Records drawn from a dataset
§ §
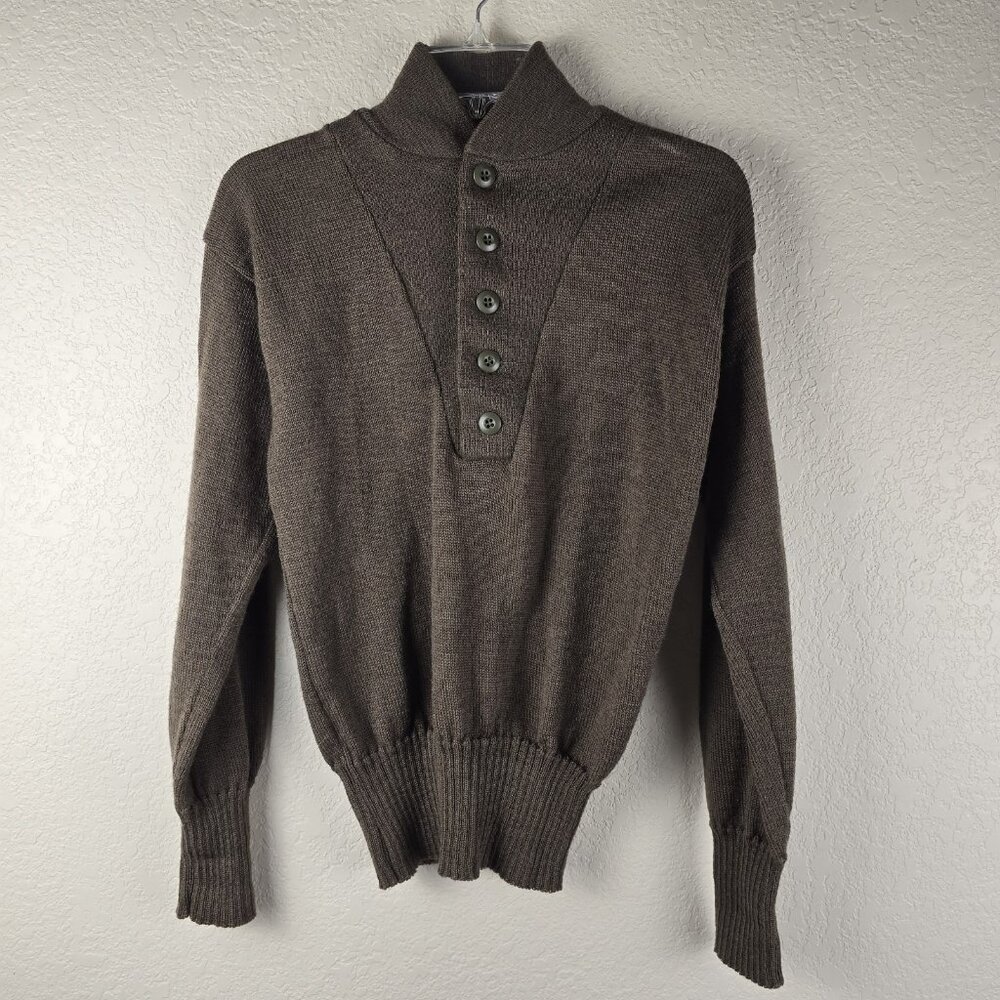 Vtg Military Sweater Mens M Olive Drab US Navy 100% Wool Pullover Button Front - Picture 1 of 6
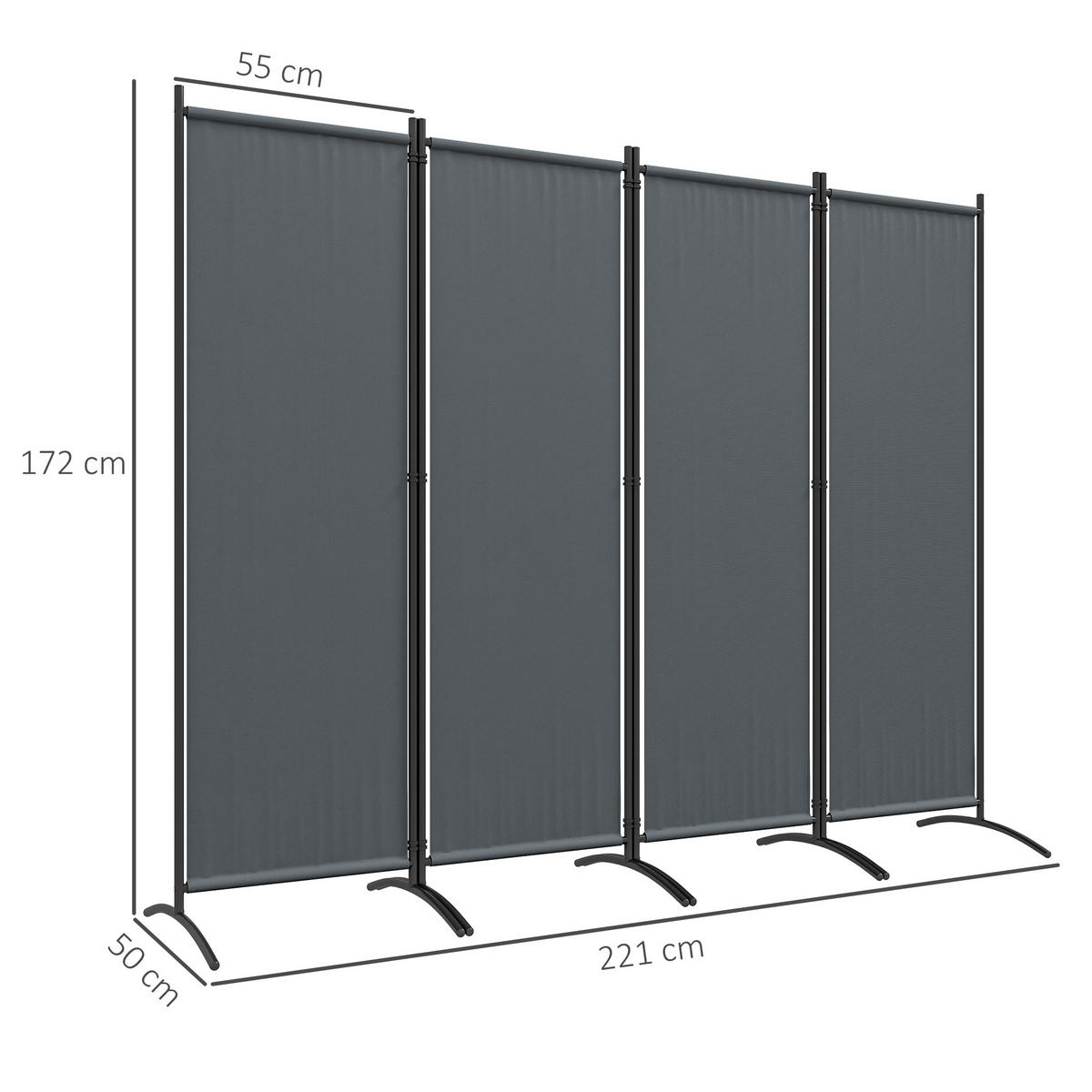 RAUMTEILER,4-TEILIG faltbar Innen 221x172cm,dunkelgrau - Grau, Textil (221/172cm) - Vallsero
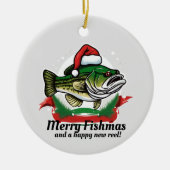 Funny frohe Weihnachtsfischerei Santa Fish Keramik Ornament (Vorne)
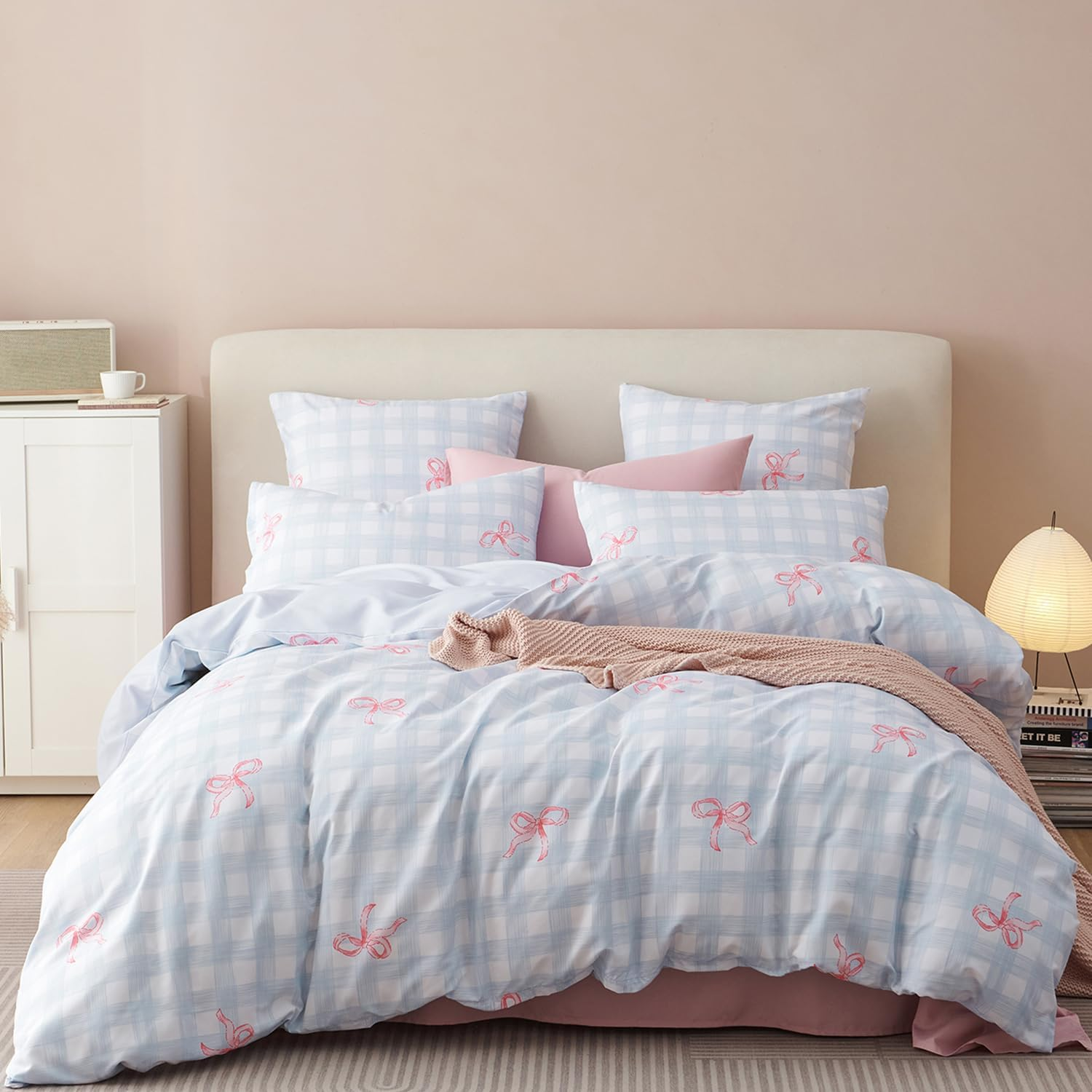 Bildenly Duvet Cover Queen Size Blue Plaid Pink Bowknot Pattern Bedding Set 3 Piece Kids Girls Kawaii Cute Romantic Soft Microfiber Reversible Comforter Cover with Zipper Closure and 2 Pillow Shams image number 6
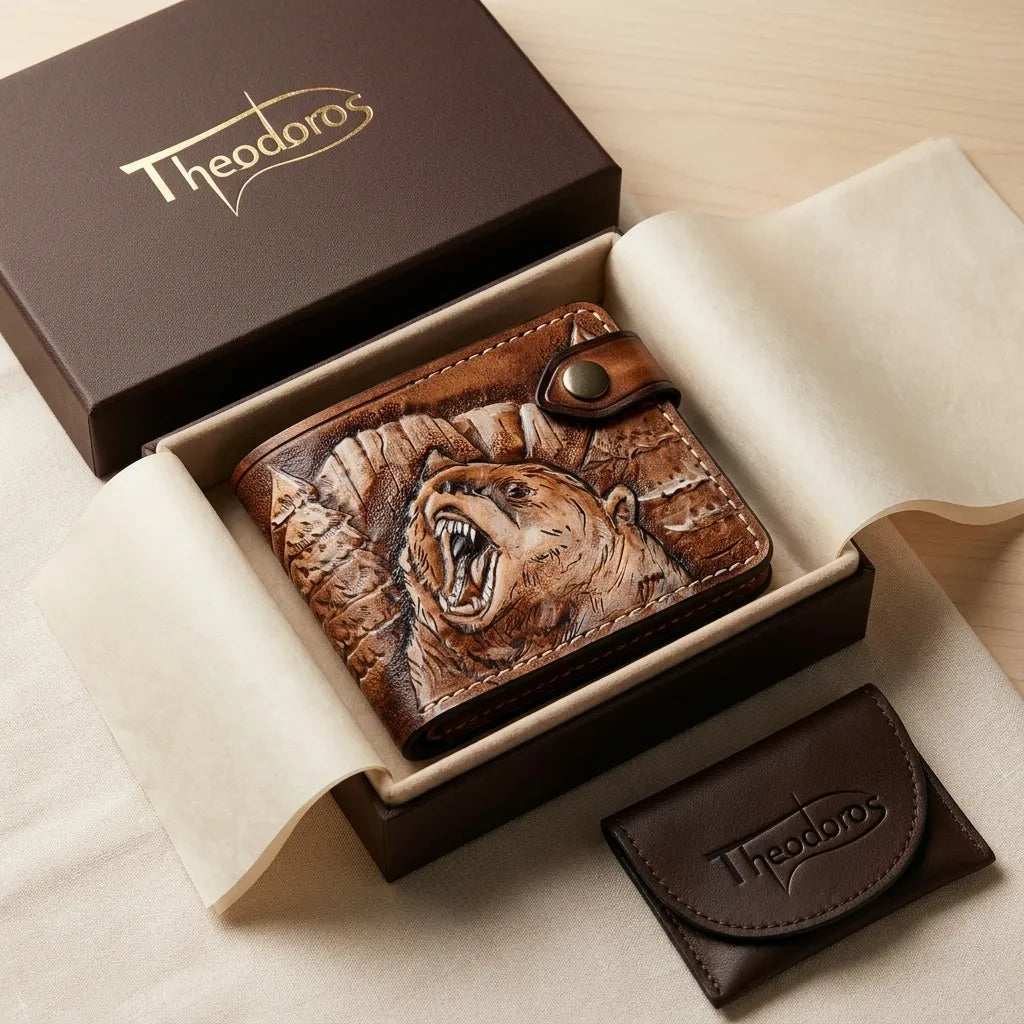 Hand-carved grizzly bear on a leather bifold wallet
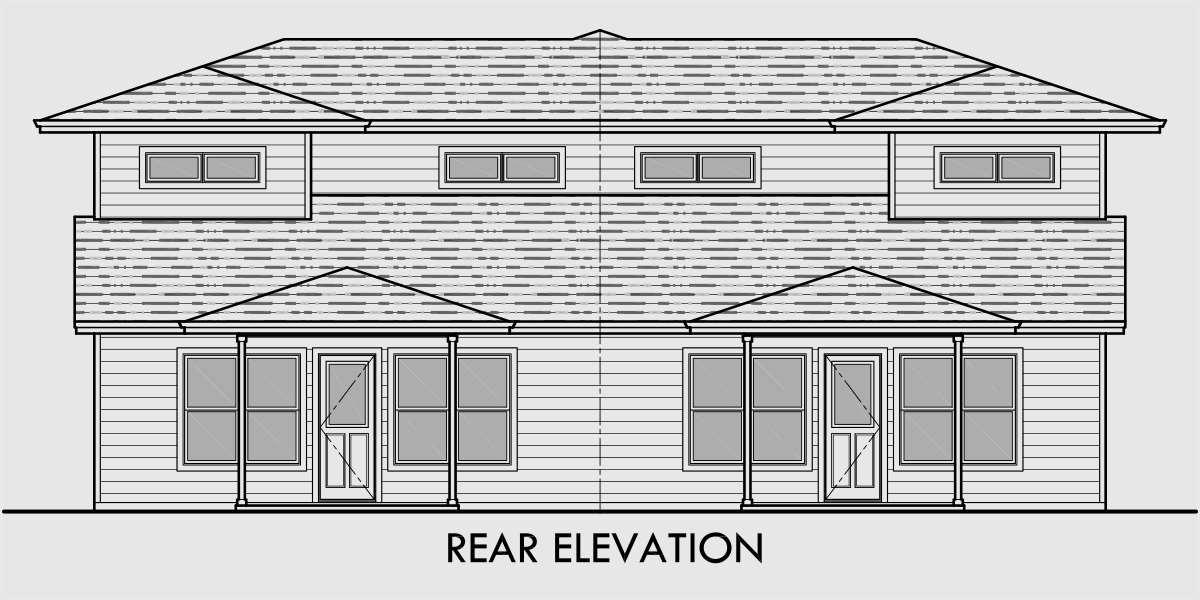 House rear elevation view for D-625 Modern prairie duplex house plan, 4 bedroom, master on the main floor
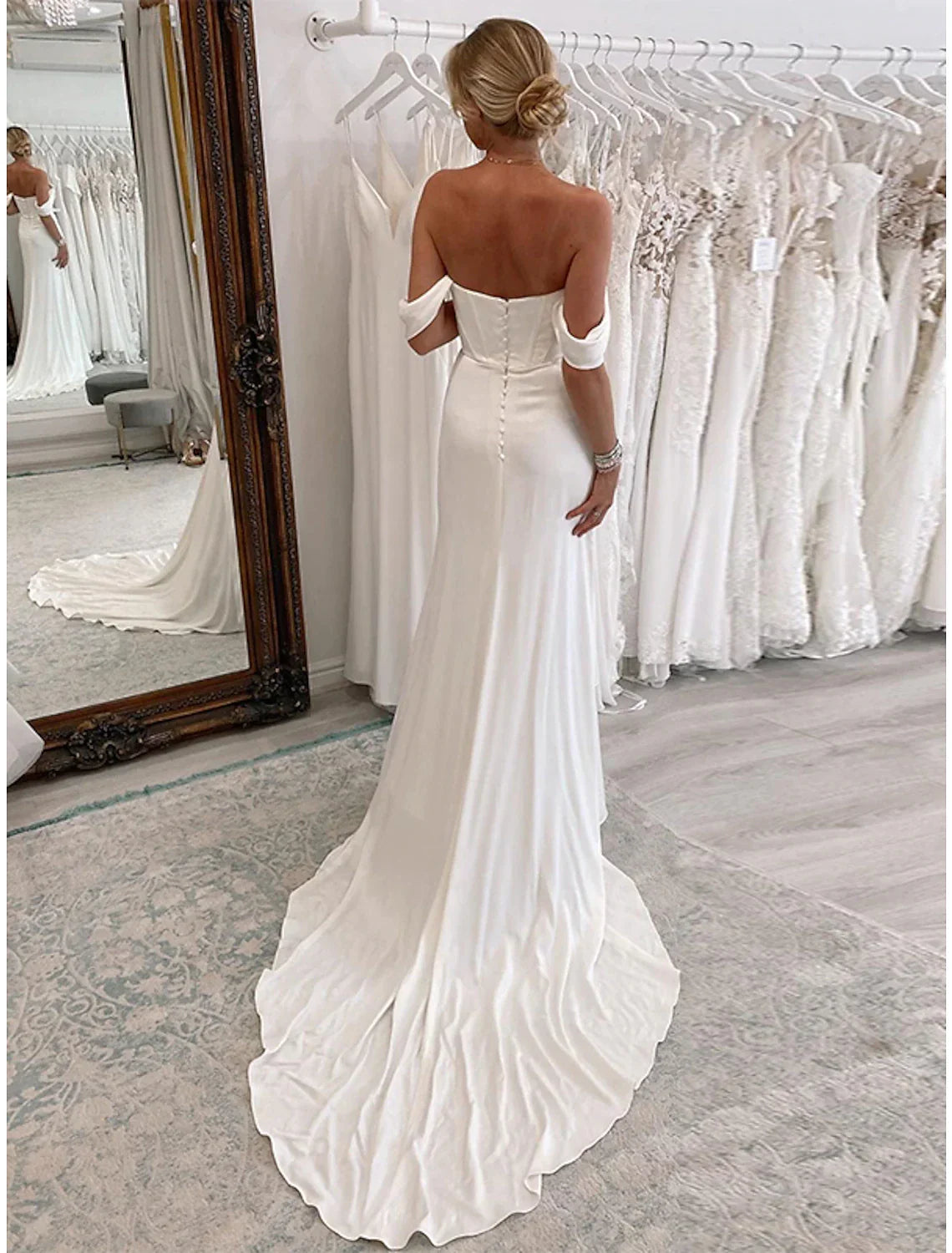 Reception Formal Wedding Dresses Sheath / Column Off Shoulder Sleeveless Court Train&nbsp; Bridal Suits Bridal Gowns With Pleats Ruched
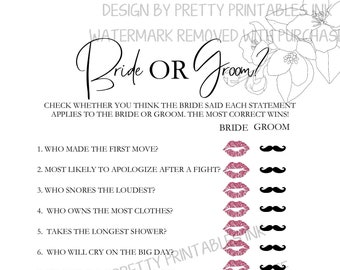 Engagement Party Game | Who Knows the Couple Best Game | Bride or Groom Game | The Shoe Game | Bridal Shower Game | Wedding Shower Game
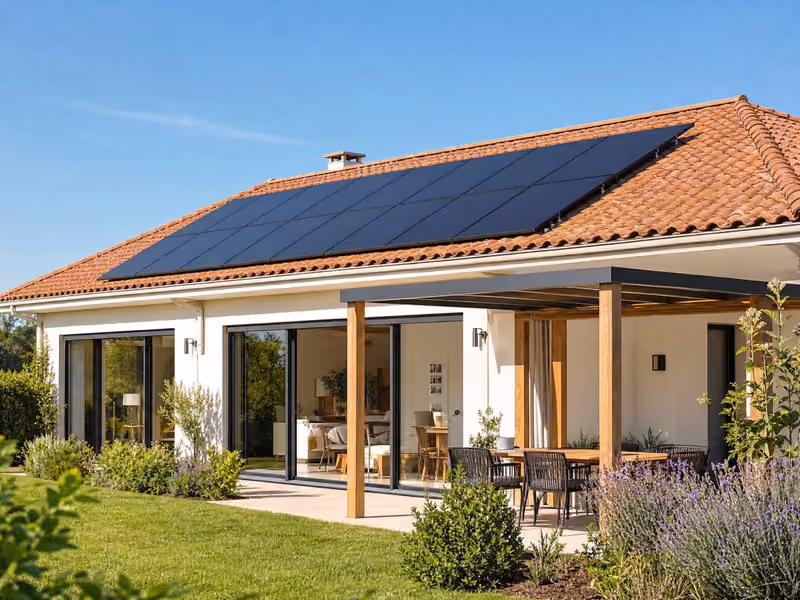 Maison individuelle française avec panneaux solaires photovoltaïques en toiture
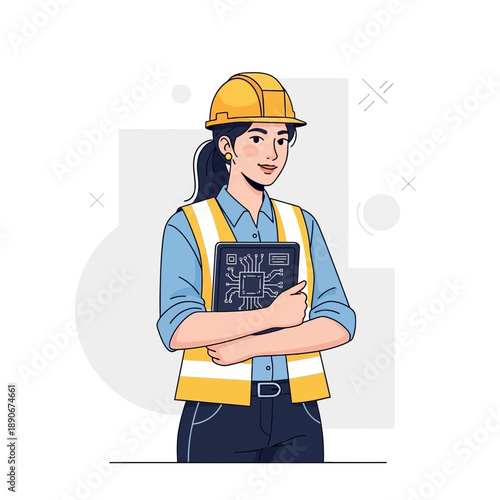 Female engineer with tablet, safety vest, and hard hat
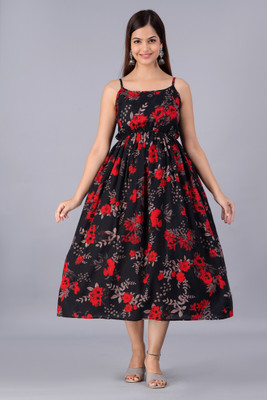 Bhawanaprint Women A-line Black Midi/Calf Length Dress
§ §
WHAT THE TASK ASKS: Find the line that contains "House rear elevation", then write out that line and each one after it, exactly and with nothing else, through the end of the entries above, without the pictures.

EXERCISE RESPONSE:
 House rear elevation view for D-625 Modern prairie duplex house plan, 4 bedroom, master on the main floor
 Reception Formal Wedding Dresses Sheath / Column Off Shoulder Sleeveless Court Train&nbsp; Bridal Suits Bridal Gowns With Pleats Ruched
 Engagement Party Game | Who Knows the Couple Best Game | Bride or Groom Game | The Shoe Game | Bridal Shower Game | Wedding Shower Game
 Maison individuelle française avec panneaux solaires photovoltaïques en toiture
 Female engineer with tablet, safety vest, and hard hat
 Bhawanaprint Women A-line Black Midi/Calf Length Dress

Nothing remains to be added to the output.